The Balance Sheet - Assets

The Balance Sheet shows on the left-hand side is the firm's assets or how much money the company has,  while the right-hand side is the firm's liabilities and equity or how much it owes, and what is left for the stockholders.

The Balance Sheet shows you the value of the stuff the company owns, the amount of debt, how much inventory is in the corporate warehouse, and how much money the business has to work with in the short term. It is generally the first report you want to look at when valuing a company.

Every balance sheet is divided into three main parts - assets, liabilities, and shareholder equity.

The difference in assets and liabilities is the net worth of the firm, also called stockholders’ equity.

Assets are anything that has value. Your house, car, checking account, and the antique china set your grandma gave you are all assets. Companies figure up the dollar value of everything they own and put it under the asset side of the balance sheet.

The first thing under the asset column on the balance sheet is something called "current asset". This is where companies list all of the stuff that can be converted into cash in a short period of time (usually a year or less). Because these assets are easily turned into cash, they are sometimes referred to as "liquid". They normally consist of: -

  • Cash and Cash equivalents

  • Accounts receivable

  • Inventories that will be converted into cash within one year

  • Prepaid expenses

Cash and Cash Equivalents is the amount of money the company has in hand or bank accounts, certificates of deposit (CDs), and money market funds. It tells you how much money is available to the business immediately. How much should a company keep on the balance sheet? General speaking, the more cash on hand the better. Only cash can be represents actual money, and it give management the ability to pay dividends and repurchase shares in short period of time.

There are some cases where cash on the balance sheet isn't necessarily a good thing. If a company is not able to generate enough profits for their financial year, they may go to a bank or other financial institution then borrow money. The money sitting on the balance sheet as cash may actually be borrowed money. To find out, you are going to have to look at the amount of debt a company has. You probably won't be able to tell if a company is weak based on cash alone; the amount of debt is far more important.

Account Receivables this is money that is owed to a company but its customers. While accounts receivable are good, they can bring serious problems to a business if they aren't handled properly.

Inventories consists of merchandise a business owns but has not sold. It is defined as a current assets because all the inventory can be sold in coming month, then turning it into cash easily. When looking at a company's current assets, you need to pay special attention on it.

In the course of every day operations, businesses will have to pay for goods or services before they actually receive the product. If a jewelry store moved into your neighborhood mall, it would most likely have to sign a rent agreement and pay six to twelve months' rent in advance.
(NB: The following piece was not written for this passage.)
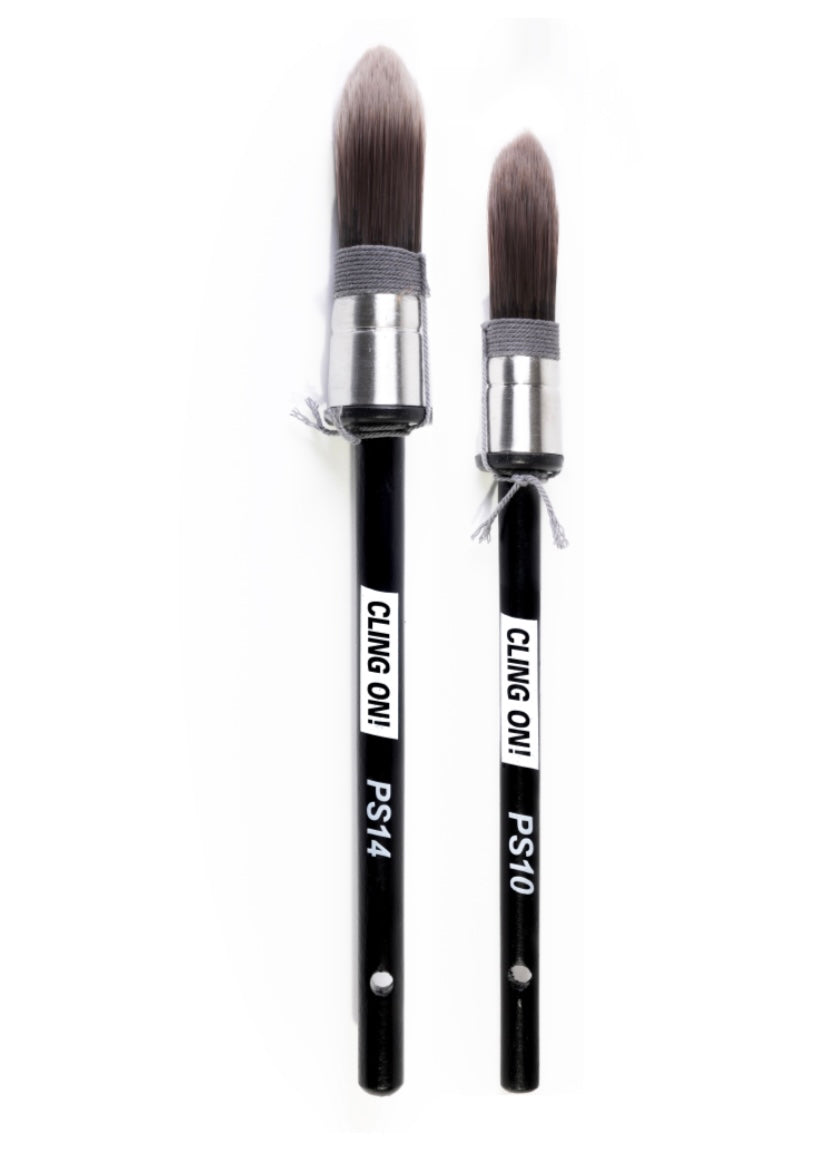 Cling On! Pointy Brushes - Furniture Painting Brushes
If the monthly rent was $2,000 and the business prepaid for six months in advance, they would put $12,000 on the balance sheet under Prepaid Expenses ($2,000 monthly rent X 6 months = $12,000). Each month, they would deduct 1/6 from the prepaid expenses until the six months period, at which point, the amount would be $0. The other prepaid expenses as such like taxes, salaries, utility bills, or the interest on their debt.
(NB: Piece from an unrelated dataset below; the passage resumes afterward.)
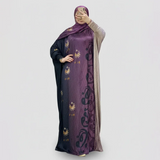 ملحفه اكمام طويلة قطيفه مضلع كنار بالطول من الجنبين مقاس فري سايز حريمى قطيفه فرنساوي مضلع الوان متعددة شتوي من اتش جي - 1051-ML-2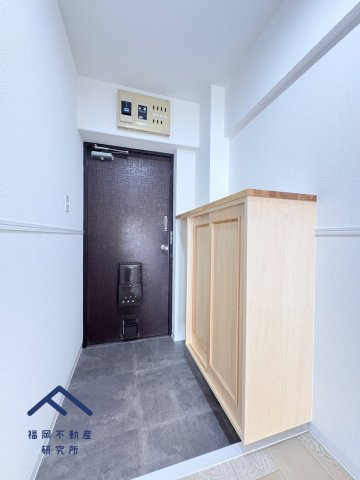 ロワールマンション大橋5の玄関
Long-term Assets these are the things that a business owns but cannot be used to fund day-to-day operations.

  • Property

  • Plant

  • Equipment

  • Long-term investments and funds

Long-term Investment and Funds are investments a company intends to hold for more than one year. They can consist of stocks and bonds of other companies, real estate, and cash that has been set aside for a specific purpose or project. In addition to investments a company plans to hold for an extended period of time.